▶ _Task inputs_
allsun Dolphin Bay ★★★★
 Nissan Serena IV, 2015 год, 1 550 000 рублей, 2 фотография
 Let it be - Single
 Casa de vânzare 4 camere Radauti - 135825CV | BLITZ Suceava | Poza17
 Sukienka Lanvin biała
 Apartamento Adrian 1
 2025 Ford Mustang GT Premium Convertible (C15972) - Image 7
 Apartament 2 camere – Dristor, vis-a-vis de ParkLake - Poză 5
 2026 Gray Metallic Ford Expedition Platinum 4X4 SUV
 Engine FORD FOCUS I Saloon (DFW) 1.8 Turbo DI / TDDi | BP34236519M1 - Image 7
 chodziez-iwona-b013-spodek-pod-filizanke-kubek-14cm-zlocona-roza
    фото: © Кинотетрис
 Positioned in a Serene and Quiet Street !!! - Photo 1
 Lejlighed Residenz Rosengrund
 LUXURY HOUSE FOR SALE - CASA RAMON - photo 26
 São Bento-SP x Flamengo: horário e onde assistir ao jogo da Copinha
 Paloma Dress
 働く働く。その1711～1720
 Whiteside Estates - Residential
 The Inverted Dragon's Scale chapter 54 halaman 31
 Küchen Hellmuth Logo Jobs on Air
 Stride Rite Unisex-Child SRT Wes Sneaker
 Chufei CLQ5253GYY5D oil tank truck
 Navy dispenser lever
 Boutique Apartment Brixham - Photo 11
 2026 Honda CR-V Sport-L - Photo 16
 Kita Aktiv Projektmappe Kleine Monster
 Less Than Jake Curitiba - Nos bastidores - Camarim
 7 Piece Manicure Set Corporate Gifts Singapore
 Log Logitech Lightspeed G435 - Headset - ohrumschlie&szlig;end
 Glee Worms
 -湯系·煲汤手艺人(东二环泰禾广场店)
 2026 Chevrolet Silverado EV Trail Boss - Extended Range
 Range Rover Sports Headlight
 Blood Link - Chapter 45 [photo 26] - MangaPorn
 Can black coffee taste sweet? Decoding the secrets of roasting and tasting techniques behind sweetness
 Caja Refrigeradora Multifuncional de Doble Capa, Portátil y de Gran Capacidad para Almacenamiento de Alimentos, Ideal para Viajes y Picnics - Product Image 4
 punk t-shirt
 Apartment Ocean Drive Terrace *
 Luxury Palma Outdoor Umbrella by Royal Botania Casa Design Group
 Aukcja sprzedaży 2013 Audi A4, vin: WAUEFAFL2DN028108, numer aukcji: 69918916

▶ _Task brief_
Each entry above is to be transcribed without alteration.

▶ _Answer for this exercise_
allsun Dolphin Bay ★★★★
 Nissan Serena IV, 2015 год, 1 550 000 рублей, 2 фотография
 Let it be - Single
 Casa de vânzare 4 camere Radauti - 135825CV | BLITZ Suceava | Poza17
 Sukienka Lanvin biała
 Apartamento Adrian 1
 2025 Ford Mustang GT Premium Convertible (C15972) - Image 7
 Apartament 2 camere – Dristor, vis-a-vis de ParkLake - Poză 5
 2026 Gray Metallic Ford Expedition Platinum 4X4 SUV
 Engine FORD FOCUS I Saloon (DFW) 1.8 Turbo DI / TDDi | BP34236519M1 - Image 7
 chodziez-iwona-b013-spodek-pod-filizanke-kubek-14cm-zlocona-roza
    фото: © Кинотетрис
 Positioned in a Serene and Quiet Street !!! - Photo 1
 Lejlighed Residenz Rosengrund
 LUXURY HOUSE FOR SALE - CASA RAMON - photo 26
 São Bento-SP x Flamengo: horário e onde assistir ao jogo da Copinha
 Paloma Dress
 働く働く。その1711～1720
 Whiteside Estates - Residential
 The Inverted Dragon's Scale chapter 54 halaman 31
 Küchen Hellmuth Logo Jobs on Air
 Stride Rite Unisex-Child SRT Wes Sneaker
 Chufei CLQ5253GYY5D oil tank truck
 Navy dispenser lever
 Boutique Apartment Brixham - Photo 11
 2026 Honda CR-V Sport-L - Photo 16
 Kita Aktiv Projektmappe Kleine Monster
 Less Than Jake Curitiba - Nos bastidores - Camarim
 7 Piece Manicure Set Corporate Gifts Singapore
 Log Logitech Lightspeed G435 - Headset - ohrumschlie&szlig;end
 Glee Worms
 -湯系·煲汤手艺人(东二环泰禾广场店)
 2026 Chevrolet Silverado EV Trail Boss - Extended Range
 Range Rover Sports Headlight
 Blood Link - Chapter 45 [photo 26] - MangaPorn
 Can black coffee taste sweet? Decoding the secrets of roasting and tasting techniques behind sweetness
 Caja Refrigeradora Multifuncional de Doble Capa, Portátil y de Gran Capacidad para Almacenamiento de Alimentos, Ideal para Viajes y Picnics - Product Image 4
 punk t-shirt
 Apartment Ocean Drive Terrace *
 Luxury Palma Outdoor Umbrella by Royal Botania Casa Design Group
 Aukcja sprzedaży 2013 Audi A4, vin: WAUEFAFL2DN028108, numer aukcji: 69918916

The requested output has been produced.